How Agents Consume an OKF Bundle
The consumption pattern is straightforward:
- Agent reads
index.mdat the bundle root to understand what’s available - Agent follows links to relevant concept files before beginning a task
- Cross-links enable multi-file understanding in a single LLM pass
Agents with file tools (MCP read_file, LangGraph file loaders, Claude’s file reading) traverse OKF bundles naturally — it’s just directories and Markdown. Nothing in the spec requires a custom reader.
If you’re building an MCP server, OKF bundles make a clean backing store: serve concept files as resources, expose index.md as the resource list, and let the agent follow cross-links.
OKF vs. What You’re Already Using
| Format | Scope | Portability | Required fields |
|---|---|---|---|
CLAUDE.md / AGENTS.md |
Single repo, single tool | Tool-specific | None |
| Karpathy LLM wiki pattern | Team-internal | Convention only | None |
| OKF v0.1 | Org-wide, multi-team, multi-vendor | Versioned spec | type only |
llms.txt |
Site-level context for crawlers | Not an agent format | N/A |
These don’t conflict. CLAUDE.md can reference an OKF bundle. An OKF bundle can contain concept files that point to your AGENTS.md. llms.txt is for crawlers; OKF is for agents doing work.
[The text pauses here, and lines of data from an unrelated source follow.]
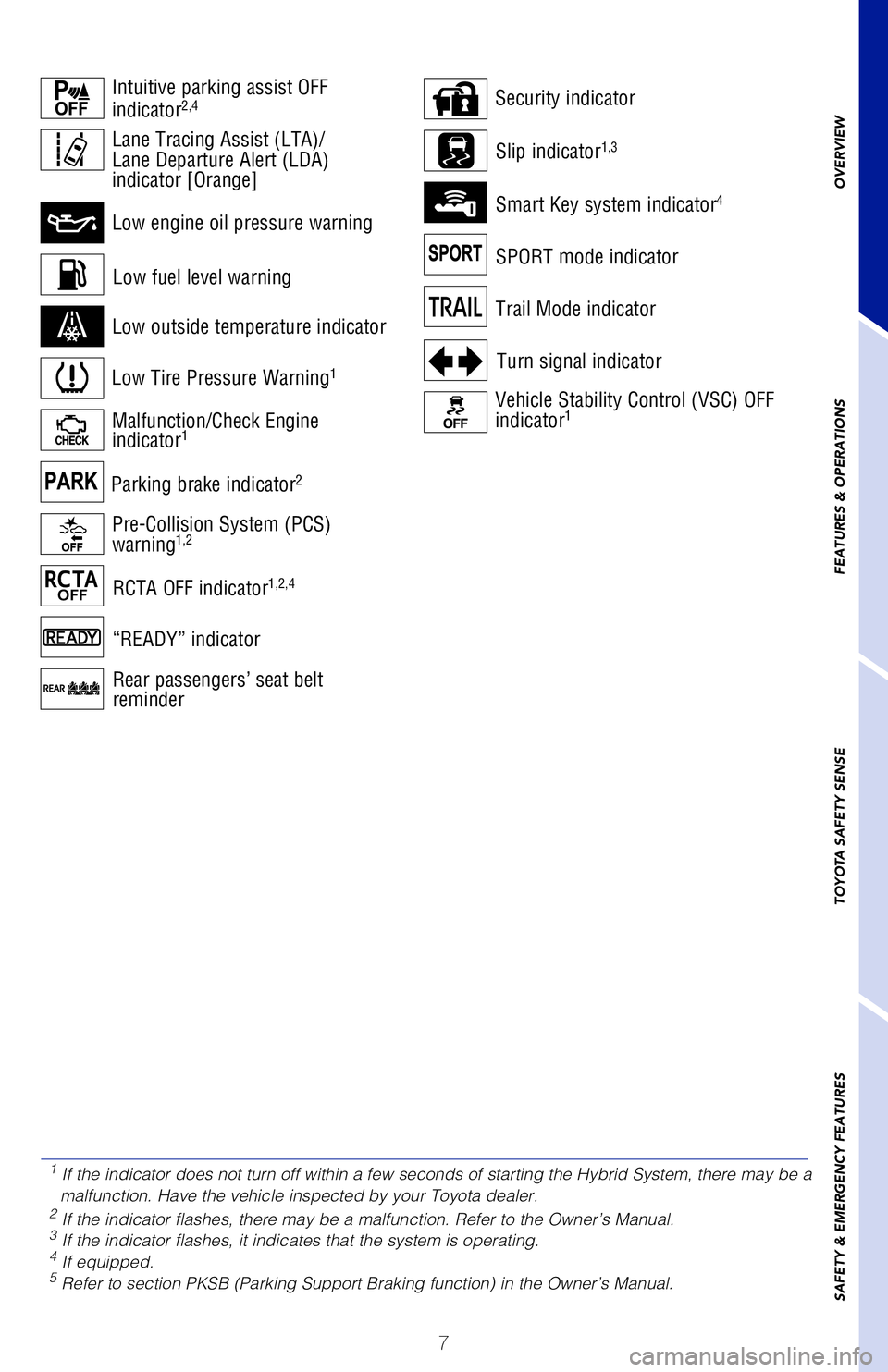 TOYOTA RAV4 HYBRID 2020  Owners Manual (in English) 1 If the indicator does not turn off within a few seconds of starting the \
Hybrid System, there may be a 
malfunction. Have the vehicle inspected by your Toyota dealer.
2 If the indicator flashes, th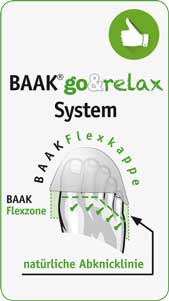 BAAK go&relax Schaubild BAAK go&relax Schaubild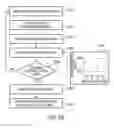 Fig. 19 - Coordinated vehicle response system and method for driver behavior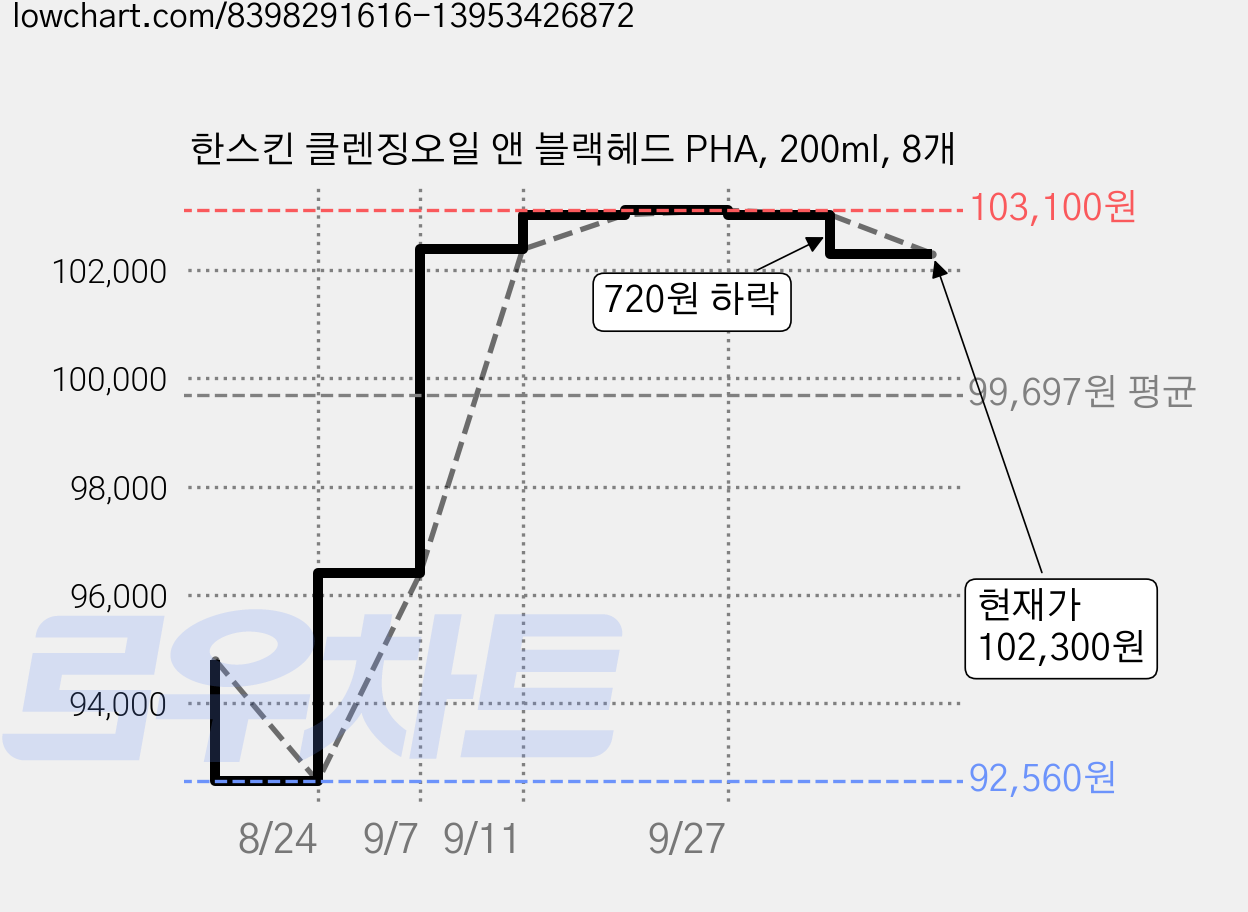 한스킨 클렌징오일 앤 블랙헤드 PHA, 200ml, 8개 가격 변동 차트, 현재가 102,300원, 관측 최저가 92,560원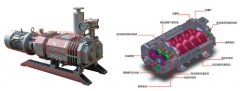HZG型—等距螺杆式真空泵的图片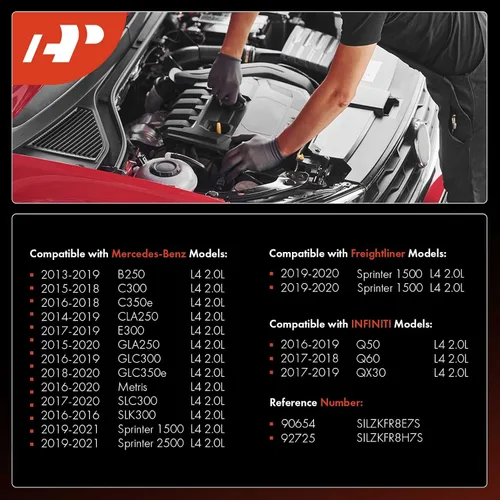 Miniatura 2 de A-Premium Bujías iridio y platino compatibles con Mercedes-Benz C300, C350e, E300, Sprinter, GLC300, CLA250, GLA250 e Infiniti Q50, Q60, QX30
The main practical difference: OKF bundles are designed to span many linked concept documents across teams and vendors. CLAUDE.md is scoped to a single repo or session. Both are useful; neither replaces the other.
When to Use OKF
Strong fit:
- You’re building agents that need to read schema information, playbooks, or domain knowledge from multiple teams
- You want a knowledge base that works with Claude, Gemini, and whatever comes next — without format translation
- You’re in GCP and want Knowledge Catalog integration
- You’re maintaining a shared wiki for AI agents and want a versioned spec instead of convention
Weak fit:
- You only need to give a single agent project-level context (stick with
CLAUDE.md/AGENTS.md) - Your knowledge changes in real time (OKF is file-based; staleness is a process problem, not a spec feature)
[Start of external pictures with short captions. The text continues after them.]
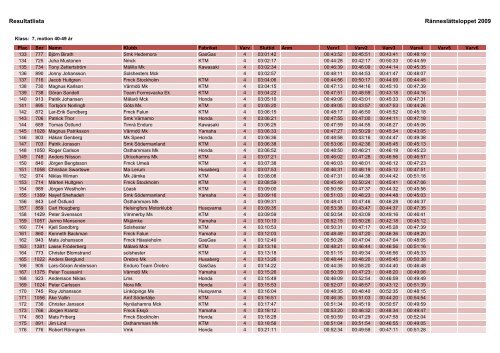 Resultat 2009.xlsx - Ränneslättsloppet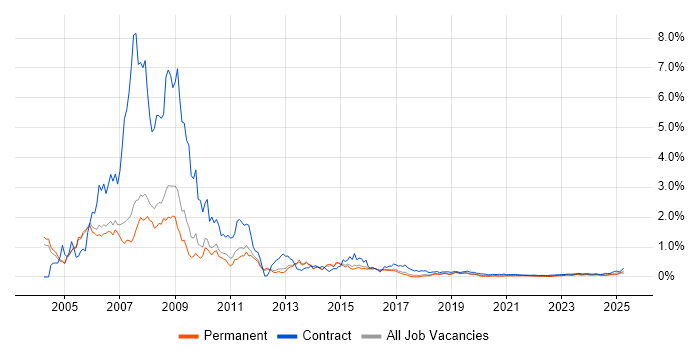 SAP HR trend for jobs with Hybrid/Remote/WFH options SAP HR trend for jobs with Hybrid/Remote/WFH options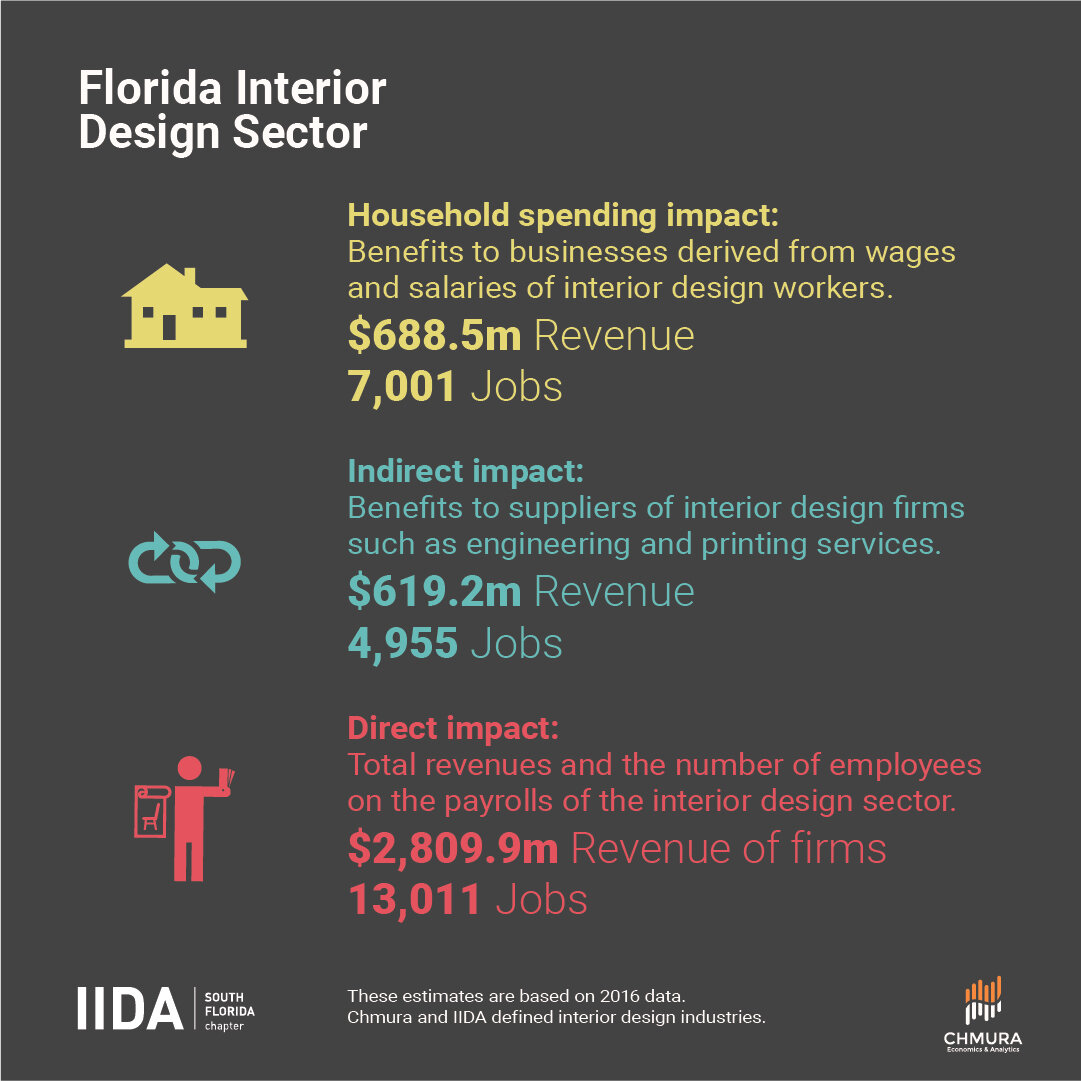 IIDA_impact state _Florida_2-05.jpg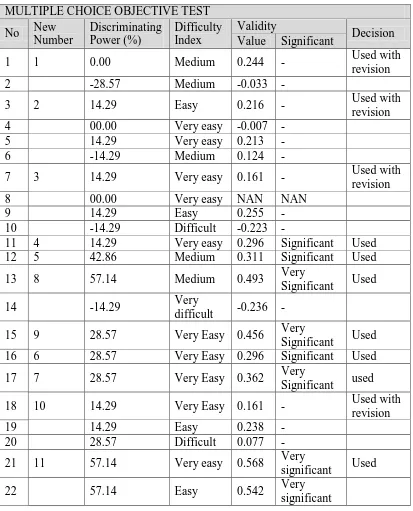 Table 3.10 Summary of Instrument Data Analysis Result 
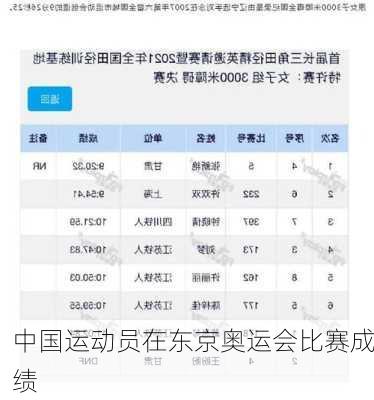 中国运动员在东京奥运会比赛成绩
- You need access control or governance semantics (the spec doesn’t cover these)
Current Limitations
Google explicitly calls v0.1 a starting point:
- No merge semantics — if two agents write conflicting updates to the same concept, OKF doesn’t specify how to resolve them
- No faceted search — the
tagsfield exists but the spec doesn’t mandate a tag vocabulary or search behavior - No live knowledge — bundles are files; real-time data needs a layer on top
- Name collision — “OKF” is also used by the unrelated OKF-SCIS supply-chain spec; context matters when searching
The spec is versioned (<major>.<minor>): minor bumps are backward-compatible; major bumps indicate breaking changes. Community feedback shapes v0.2.
Getting Started
The spec is at okf/SPEC.md in the GoogleCloudPlatform/knowledge-catalog repo. The three sample bundles are in bundles/. The enrichment agent and visualizer are in agents/ and src/.
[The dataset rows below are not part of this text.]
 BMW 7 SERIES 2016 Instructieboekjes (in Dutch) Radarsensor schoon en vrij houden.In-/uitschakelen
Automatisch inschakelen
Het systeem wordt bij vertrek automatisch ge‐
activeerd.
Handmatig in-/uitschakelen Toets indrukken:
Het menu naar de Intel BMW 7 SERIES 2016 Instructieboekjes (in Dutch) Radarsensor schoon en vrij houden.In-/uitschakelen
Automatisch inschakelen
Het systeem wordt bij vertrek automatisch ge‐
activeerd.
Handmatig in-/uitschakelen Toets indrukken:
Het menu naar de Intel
For most builders, the fastest path is:
- Read
okf/SPEC.md(14.7 KB, 451 lines — an easy afternoon read) - Open one of the sample bundles alongside the visualizer to see what a working OKF graph looks like
- Write a concept or two for your own domain using the
type+ optional fields schema - Wire it to your agent via file tools or an MCP resource server
The spec asks almost nothing of you. One field per document. Markdown you already write. Links you already use. If your team is already maintaining an “LLM wiki” in any form, converting it to OKF-conformant bundles is a morning’s work.
AI-researched. ChatForest does not have hands-on access to the OKF toolchain and cannot independently verify runtime behavior of the enrichment agent or visualizer.